Красноносое выслушал вердикт совершенно хладнокровно, бровью не мигнул. Когда Окрутова вскрикнула и упала, он покосился на публику и, увидав, с кем именно дурно, был заметно озадачен. Во всяком случае, происшествие это заняло его чуть ли даже не более, чем вердикт, решавший судьбу его жизни.

– Какой закоренелый злодей! – вздыхали уголовные дамы.

Аверьяна Красноносова увели из залы заседания. Шагая между конвойными по длинному коридору окружного суда, он спросил:

– Братцы-служивые! что я вас спрошу – скажите – не откажите: эта барыня, что сейчас сомлела, кто будет такая?

– Мать прокуророва, сказывают, – ответил солдат.

– Мать… про-ку-ро-ро-ва?..

Черты Красноносова исказились гримасою свирепого изумления, и – вдруг – страшный старческий хохот огласил коридор.

– Ха-ха-ха! – истерически выкрикивал Красноносов, – мать!.. мать… мать…

– Тише ты, оглашенный! молчи! не дозволяется! – закричал на него всполошившийся конвойный.

Преступник, получив чувствительный толчок рукояткой сабли, умолк, но судороги продолжали коверкать его лицо, и дикий блеск глаз был полон смеха, каким разве только дьяволы смеются на дне ада – смеха отчаяния…

«Уж не рехнулся ли? – думали конвойные. – С этакими тихими случается. На суде смирен-смирен, а как каторгу объявят, и ум – вон…»

Николай Сергеевич Округов обедал – по случаю счастливого дебюта – в ресторане, с товарищами. Вернулся домой поздно и навеселе. Сестра встретила его с встревоженным лицом.

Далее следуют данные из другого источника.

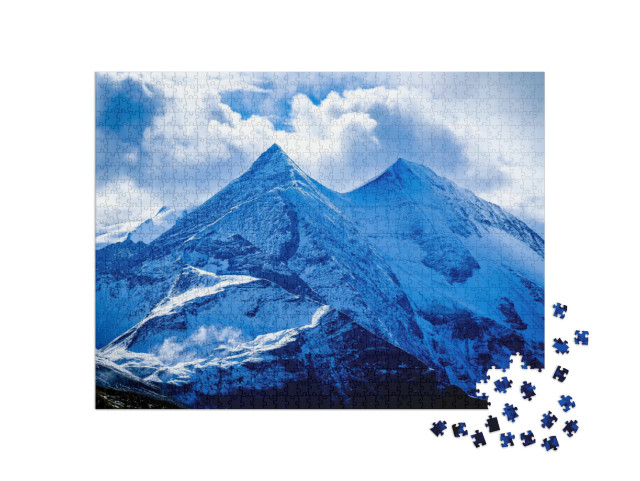 Puzzle 1000 pezzi „Großglockner in Austria - Alti Tauri“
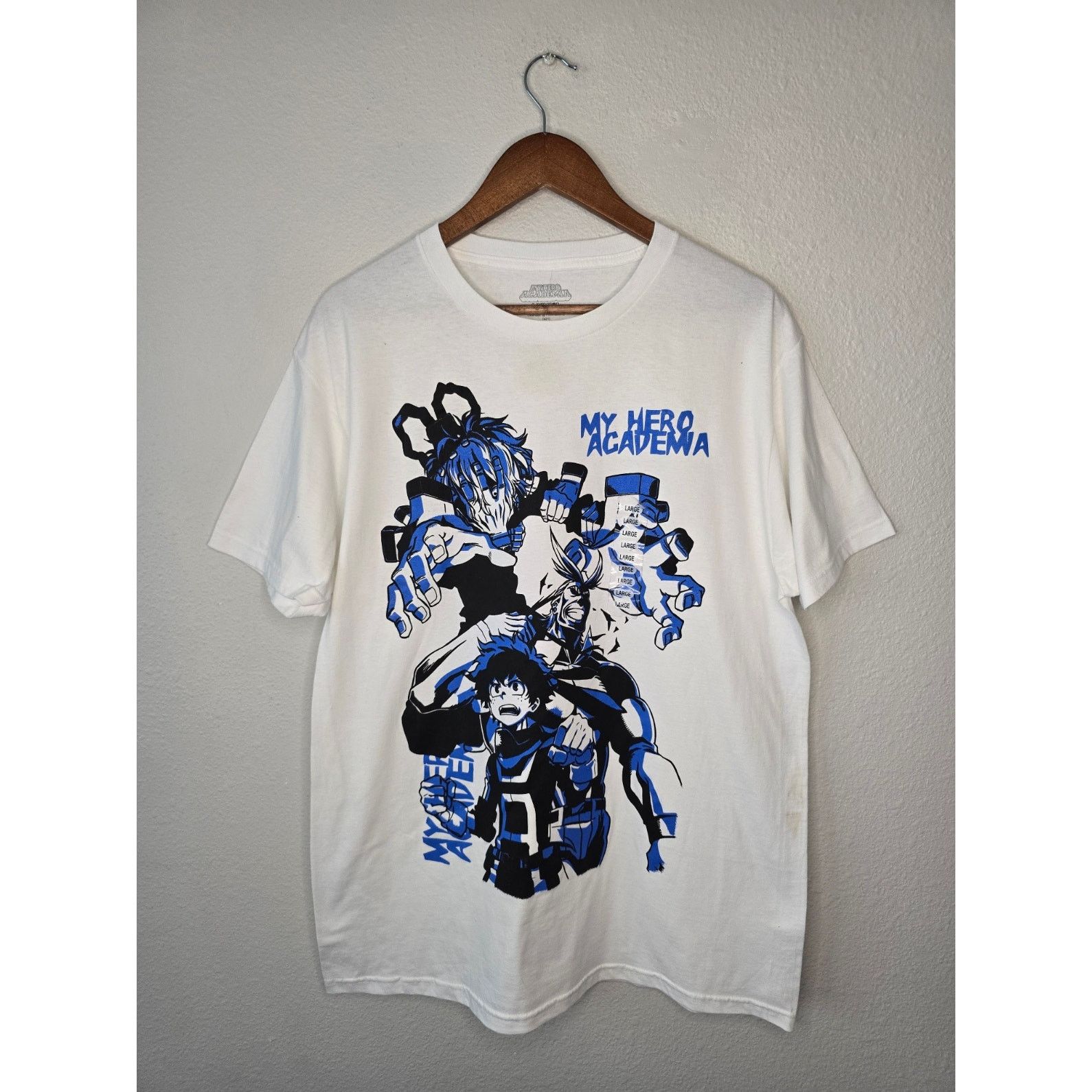 Other My Hero Academia Shirt Mens Large White Graphic Anime Tee Size US L / EU 52-54 / 3 - 1 Thumbnail
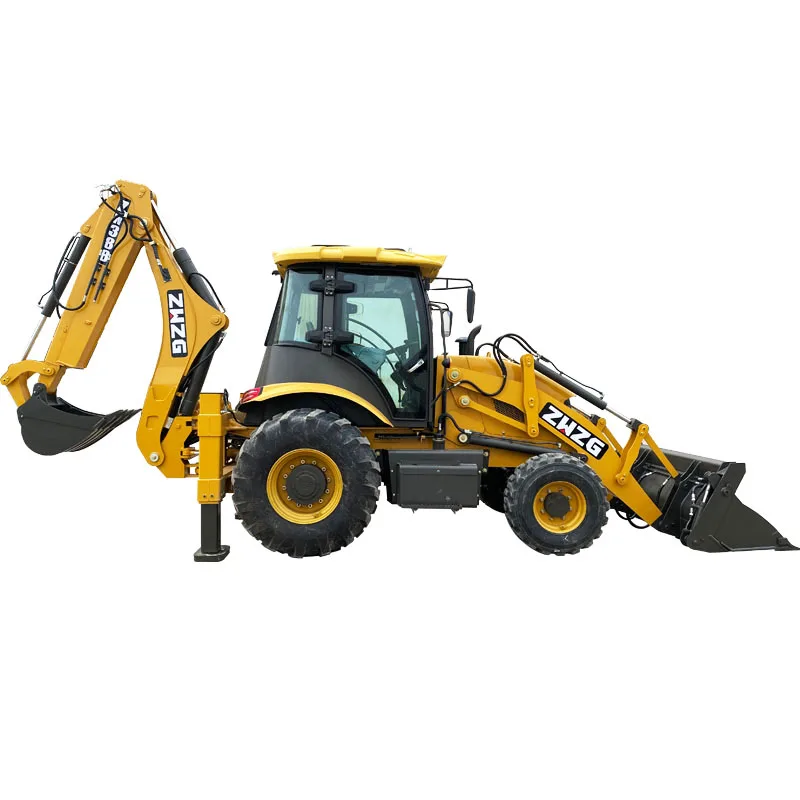 2021 ZWZG Brand New Loader Backhoe Load 2.5ton Bucket 0.3 Cbm Chinese Machinery Mini Backhoe Loader For Sale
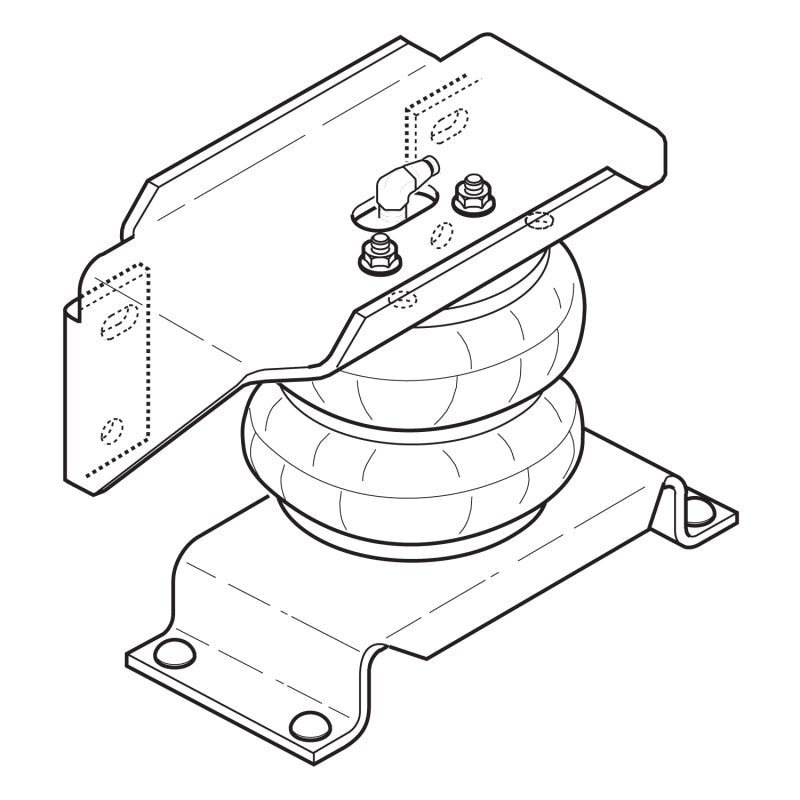 Firestone Ride-Rite Air Helper Spring Kit Rear Ford F550 / Ram 4500/5500  (W217602404)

– Коля, голубчик, я тебя насилу дождалась. – Взгляни на маму: не послать ли за доктором? по-моему, она очень нехороша…

Испуганный Окрутов прошел в спальню матери, и не успел он отворить дверь, как Елена Михайловна повалилась ему в ноги:

– Коля! Коля! – вопила она, хватаясь за его колени, – вороти!.. голубчик, вороти!..

– Что такое? мама, что с вами? – волновался молодой человек, тщетно стараясь поднять мать с ковра.

– Вороти!.. Я не знаю, как это у вас называется… апелляция… кассация… все равно! только вороти! вороти! вороти!

– Бог с вами, мама! какая апелляция? какая кассация? кого воротить?

– Этого… как его… А…верь…я…на…

– Аверьяна Красноносова?! – изумился молодой обвинитель. – С чего вы о нем вспомнили?

– Да! да!.. ты не можешь сослать его в каторгу, – слышишь ли?.. я виновата во всем… ты не можешь…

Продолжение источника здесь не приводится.